- Nuclear Regulatory Commission requires changes at 31 plants
- NRC wants enhancements to help contain damage from any accident
- Reactors are similar in design to Fukushima plant in Japan
- Earthquake, tsunami caused meltdown at Fukushima in 2011
U.S. regulators are directing 31 nuclear reactors similar in design to the Fukushima Daiichi plant in Japan, where an earthquake and tsunami caused a meltdown two years ago, to take additional steps to help contain radiation and other damage from any accident that is not quickly halted.
The Nuclear Regulatory Commission directive on Thursday requires enhancements to systems for venting accumulated pressure from containment structures during an emergency. Vents must also be able to safely handle rising temperatures, hydrogen concentrations and radiation levels.
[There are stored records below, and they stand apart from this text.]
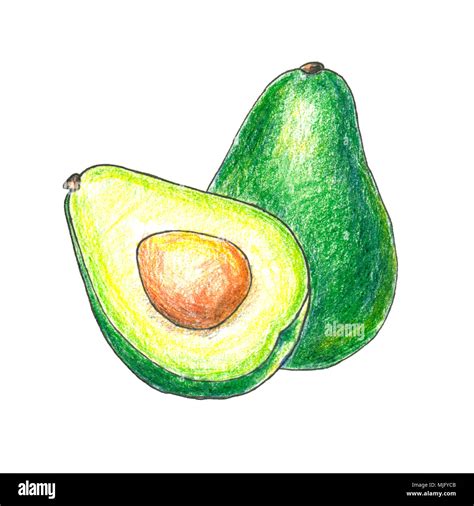 Avocado Fruit Drawing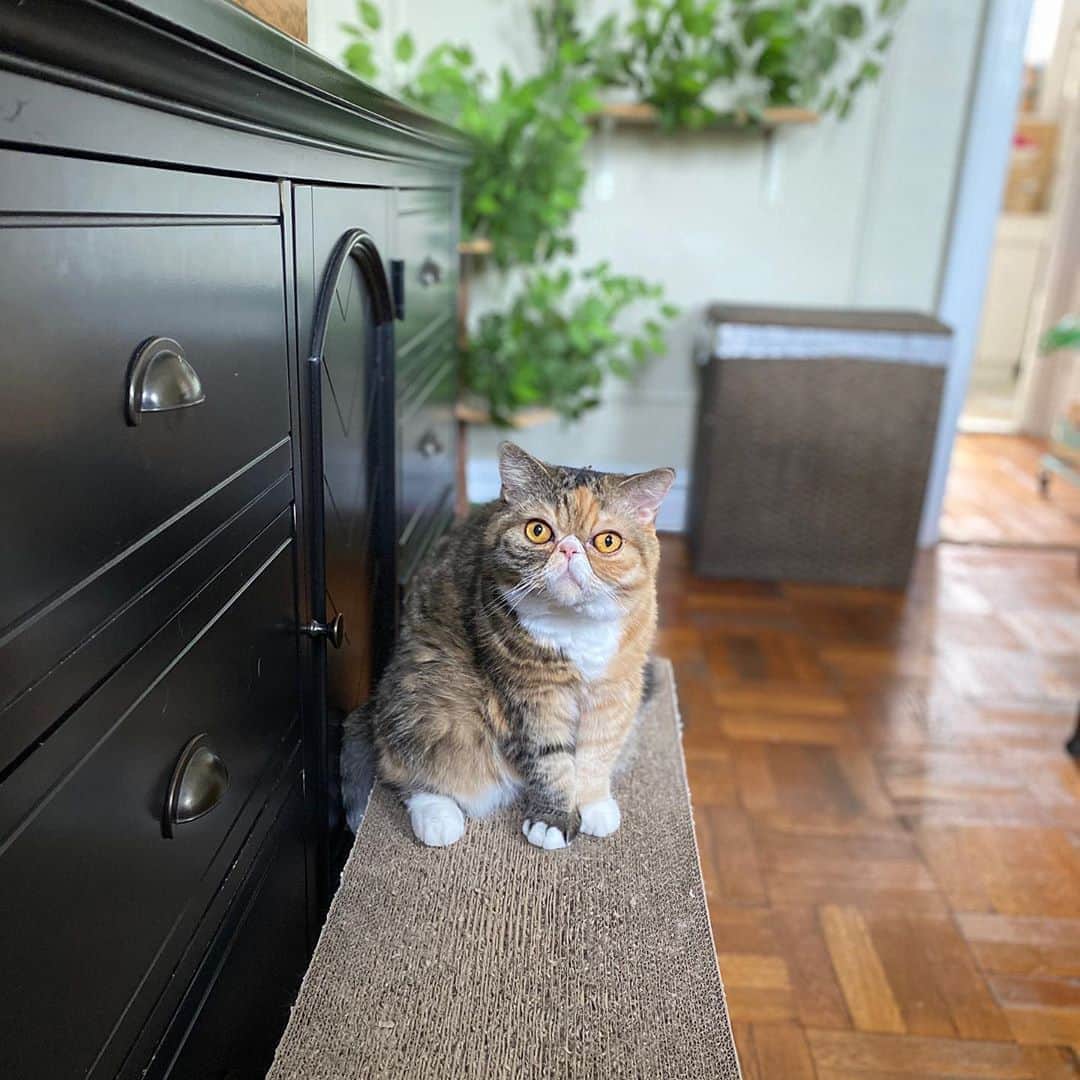Tinaのインスタグラム：「My sidekick 🥰」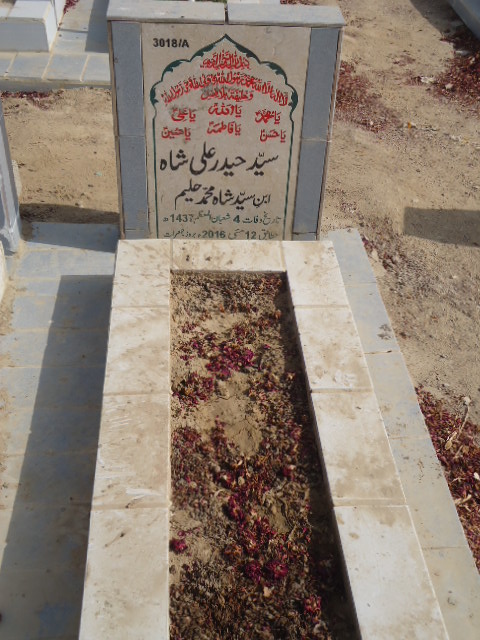 13018 – Syed Haider Ali Shah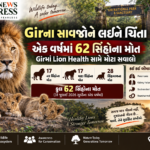 Girના સાવજોને લઈને ચિંતા: એક વર્ષમાં 62 સિંહોના મોત, Lion Health સામે મોટા સવાલો
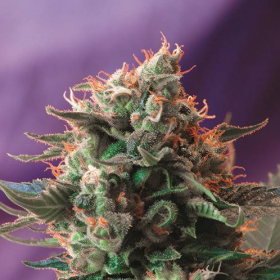 Jack 47 - SWEET SEEDS | TanieSianie.pl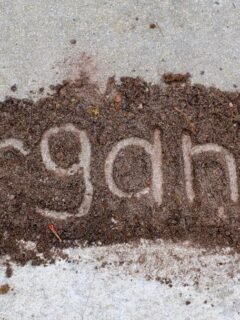 I Switched to Organic Foods - Here Are 11 Hidden Costs I Didn't Expect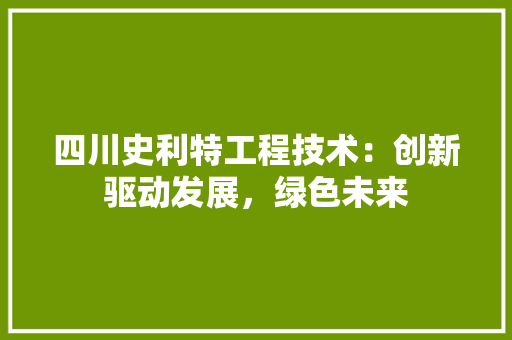 四川史利特工程技术：创新驱动发展，绿色未来 卧室装修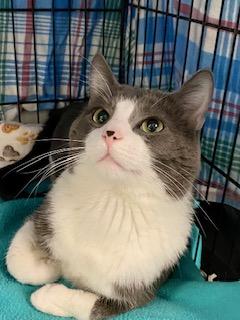 Marble, adopted, Adult Male American Shorthair.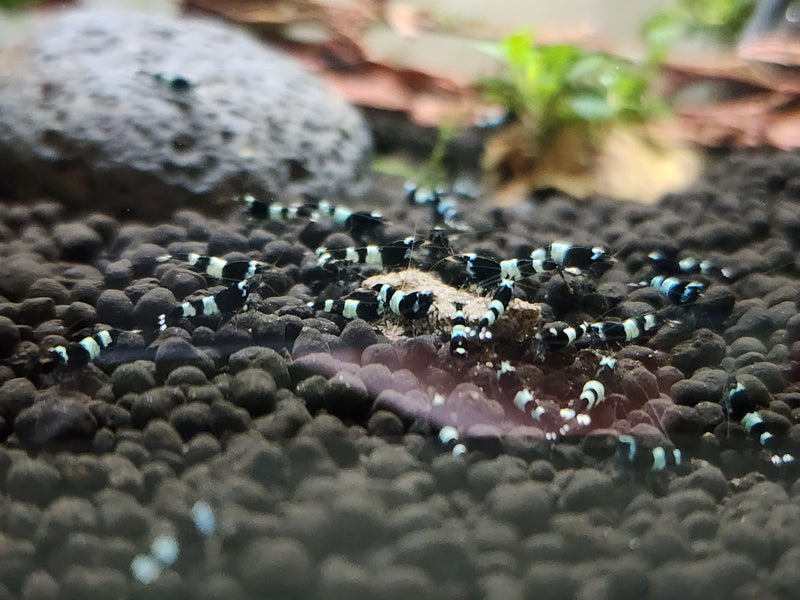 Live Freshwater Aquarium Shrimp Shadow Panda (Caridina)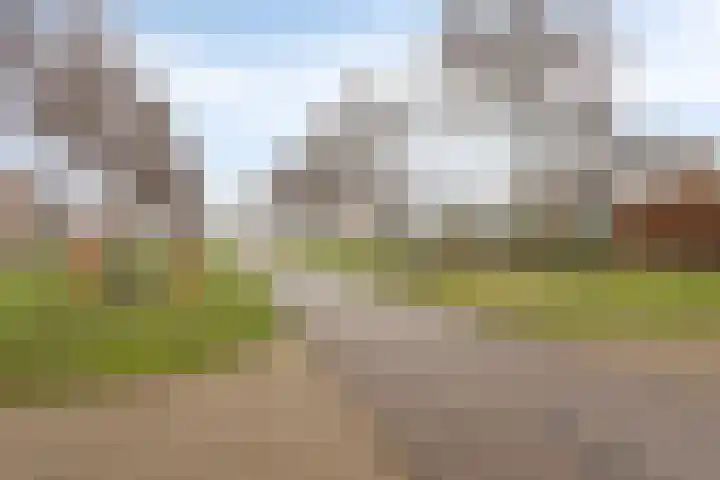 Leeuwerikborch 9 Rosmalen thumbnail 32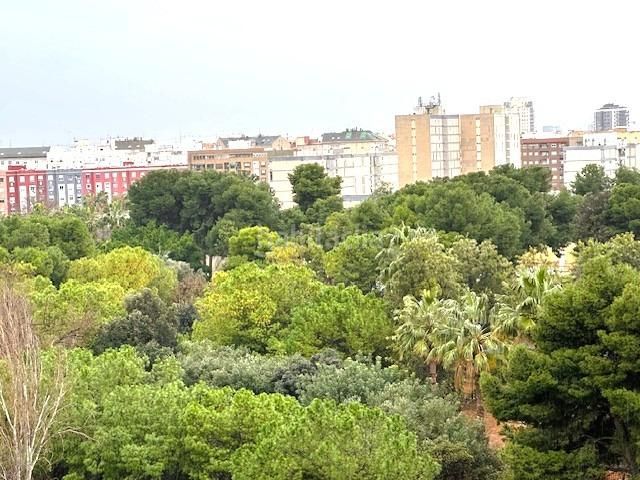 Foto 035cebdf-efca-4cf0-a8ee-f3fd2be07153. Pis a Nou Moles Valencia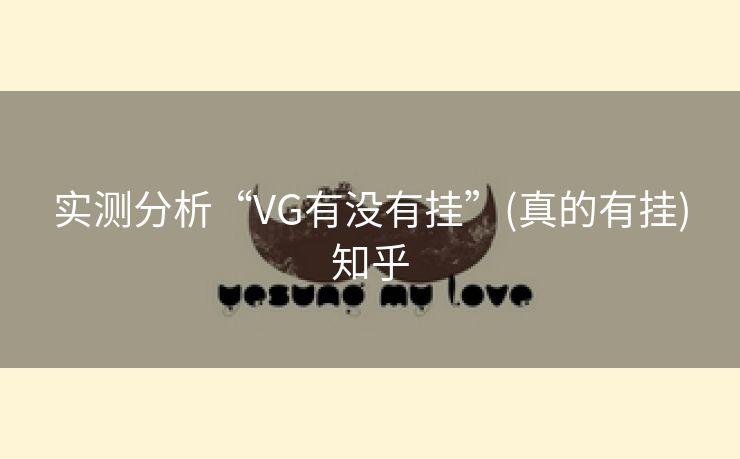 实测分析“VG有没有挂”(真的有挂)知乎 实测分析“VG有没有挂”(真的有挂)知乎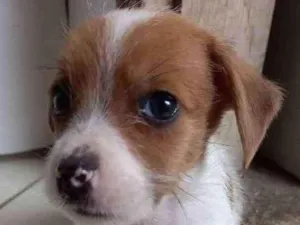 Cachorro raça Vira-lata idade 2 a 6 meses nome Sem nome.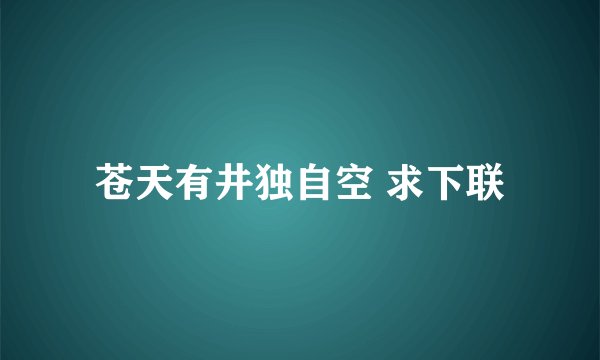 苍天有井独自空 求下联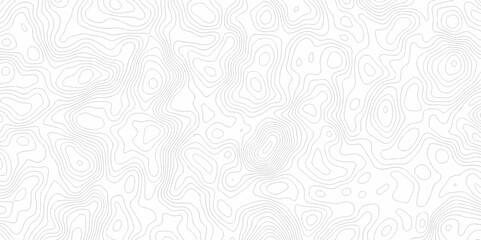 Abstract topo contour map on white background, Topographic contour lines. Seamless discovery compass pattern with lines Topographic map. Geographic mountain relief diagram line wave carve design.
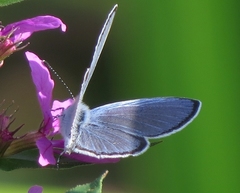 Cupido alcetas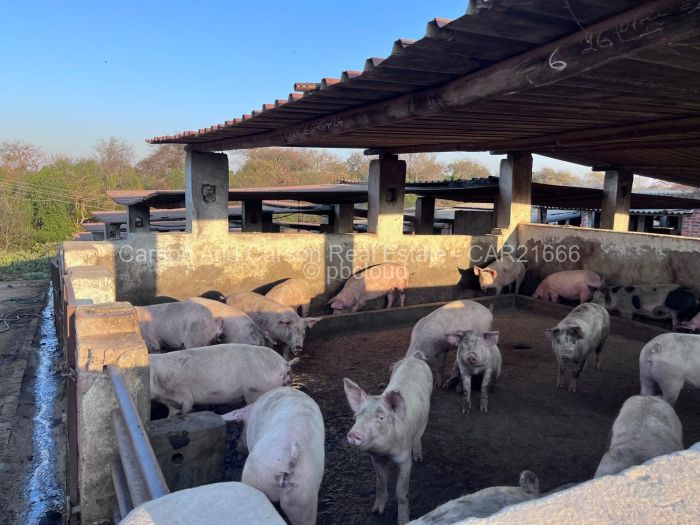 Warehouse/Industrial to Rent in Glen Forest, Harare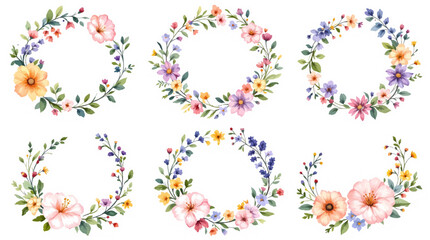 Set of floral elements, Tulips on white background, Bouquet of flowers, Set Flower art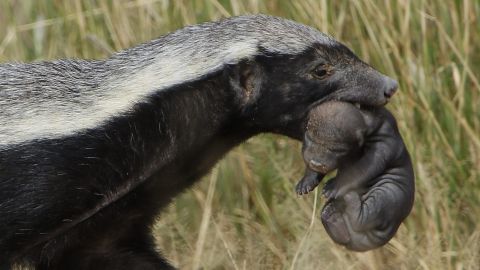 Un tejón de miel acarrea a su cachorro en Sudáfrica.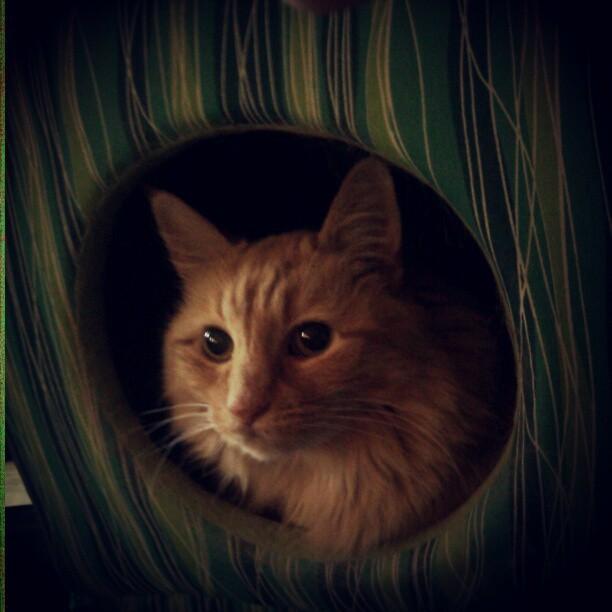 Cat apo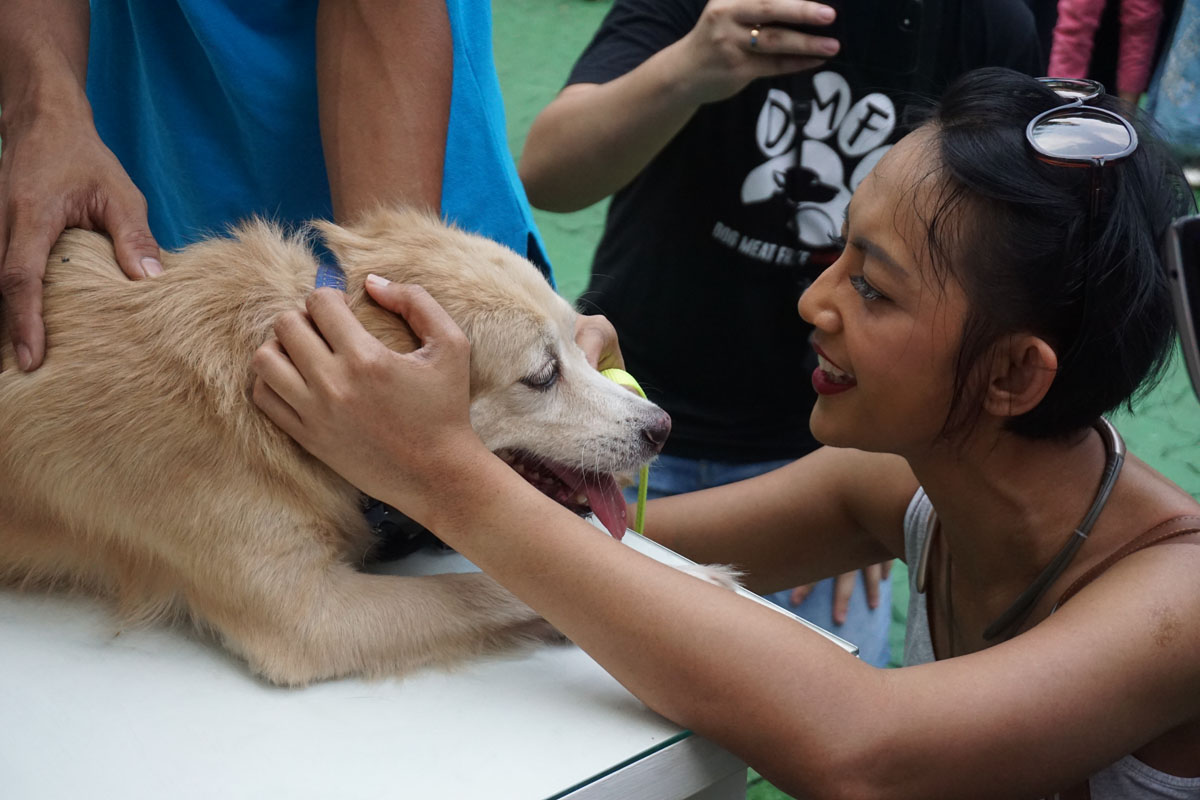 Promoting the Protection of Jakarta’s Dogs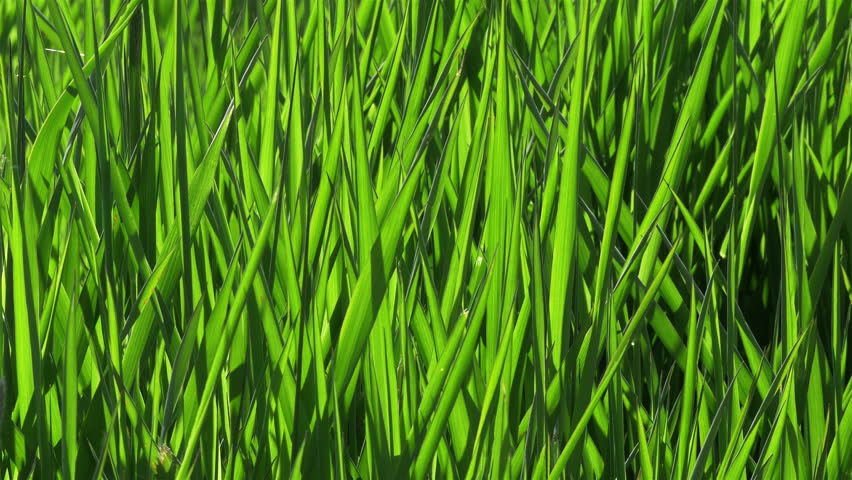 Moving Grass Stock Footage Video 636871 - Shutterstock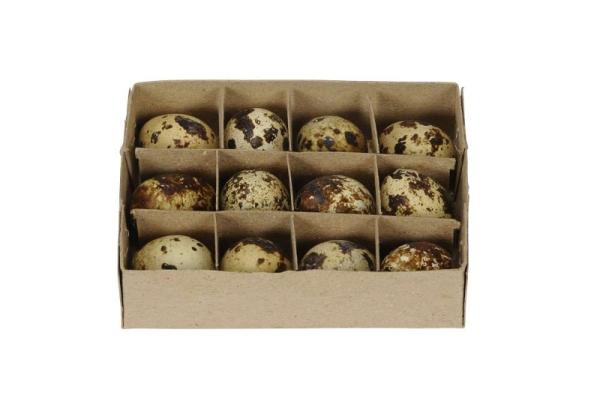 Wachteleier 12er Set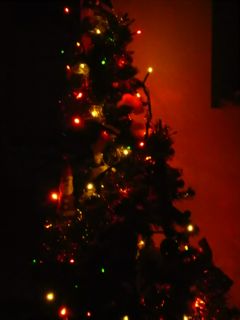 我が家のクリスマスツリー１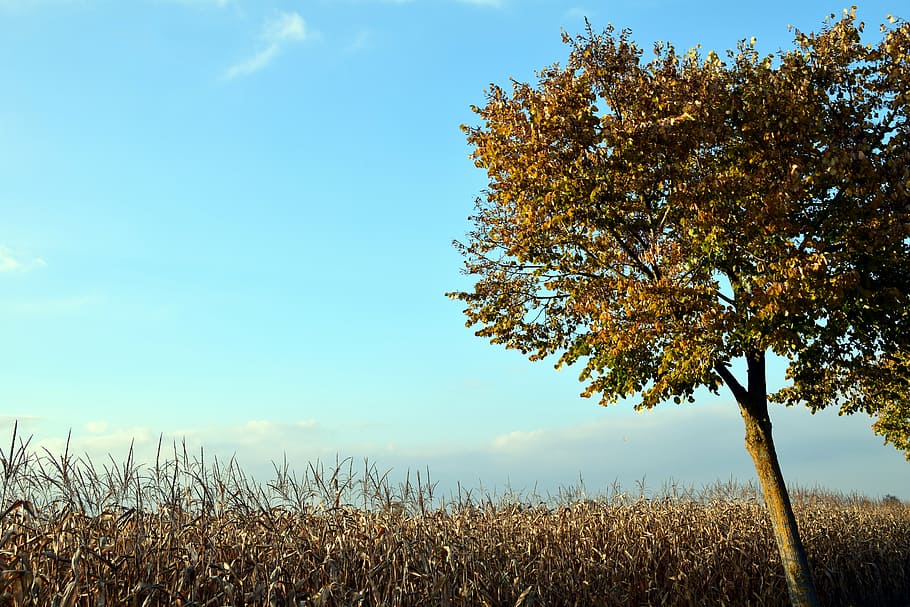tree, sky, blue, autumn, cornfield, leaves, discoloration, brown HD wallpaper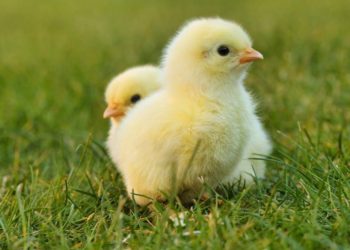 Die Aufstallungspflicht im Kreis endet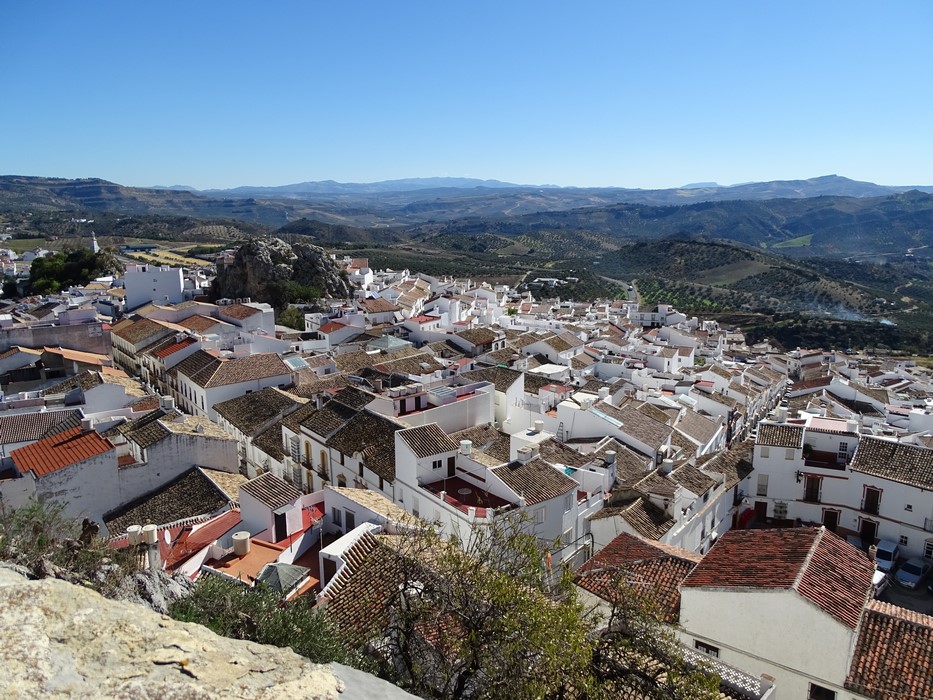 Olvera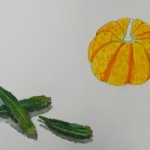 P1570957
The changes also aim to ensure that plant personnel can continue to operate vents safely if a reactor core melts down, the agency said.
Plants in the United States were ordered last year by the NRC to take other steps to upgrade their "hardened" venting systems after the 2011 disaster in Japan that crippled three reactors and released radiation into the atmosphere.
It was the worst nuclear accident since Chernobyl in 1986.
"Strengthened vents will help these plants continue to protect the public and the environment even if emergency systems can't immediately stop an accident," NRC Chairman Allison Macfarlane said in a statement.
"By safely releasing built-up pressure and hydrogen, the plants will preserve the buildings that contain radioactive material," she said.
U.S. plants covered under the directive are older, boiling-water reactors mainly similar in design to the Fukushima facility.
During the meltdown in Japan, containment pressure exceeded twice the design limit, and there was no power or air to vent systems, according to an overview of the disaster by the Institute of Nuclear Power Operators.
The goal for completing venting improvements in the United States is 2014, depending on refueling schedules. Additional steps would take longer, if deemed necessary.
The directive covers scenarios for structures meant to condense steam generated during an accident and control pressure and for the larger structures that surround the reactor.
The NRC also plans to develop a rule to improve the filtering of radioactive material from any vented gases and to improve procedures for preserving the integrity of containment systems.
An industry group said the new order is in line with its assessment of the "most effective means" to address venting.
"Venting to protect containment integrity and to mitigate the impact of a serious event is among the long-established training responses that are part of these facilities' severe accident mitigation guidelines," according to a statement from the Nuclear Energy Institute, a trade group for the industry.
The organization said the timetable is achievable but it did not provide a cost estimate.
Plant operators may have to spend nearly $3.6 billion over the next three to five years on modifications to the nation's 102 nuclear facilities in response to the Fukushima accident, according to a Platts survey released on Thursday.
This includes costs for government mandates to handle threats from flooding and earthquakes as well as related engineering studies, Platts, an energy industry information service, said.